> [Task requirements]:
Beneath this line is the data. Output exactly the lines from the line with "Asian Trans hermosa modelo imágenes" to the line with "38 cm Mörser", both ends included, and nothing more.

> [Data records]:
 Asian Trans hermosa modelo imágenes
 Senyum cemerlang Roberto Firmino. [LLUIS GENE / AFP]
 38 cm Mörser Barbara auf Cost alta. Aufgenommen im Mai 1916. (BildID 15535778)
...
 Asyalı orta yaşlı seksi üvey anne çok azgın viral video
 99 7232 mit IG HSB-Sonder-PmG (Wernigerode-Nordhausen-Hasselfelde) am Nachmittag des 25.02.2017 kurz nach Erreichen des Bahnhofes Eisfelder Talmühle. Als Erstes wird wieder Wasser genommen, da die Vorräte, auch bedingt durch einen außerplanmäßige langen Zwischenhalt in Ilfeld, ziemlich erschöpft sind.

> [Answer box]:
 Asian Trans hermosa modelo imágenes
 Senyum cemerlang Roberto Firmino. [LLUIS GENE / AFP]
 38 cm Mörser Barbara auf Cost alta. Aufgenommen im Mai 1916. (BildID 15535778)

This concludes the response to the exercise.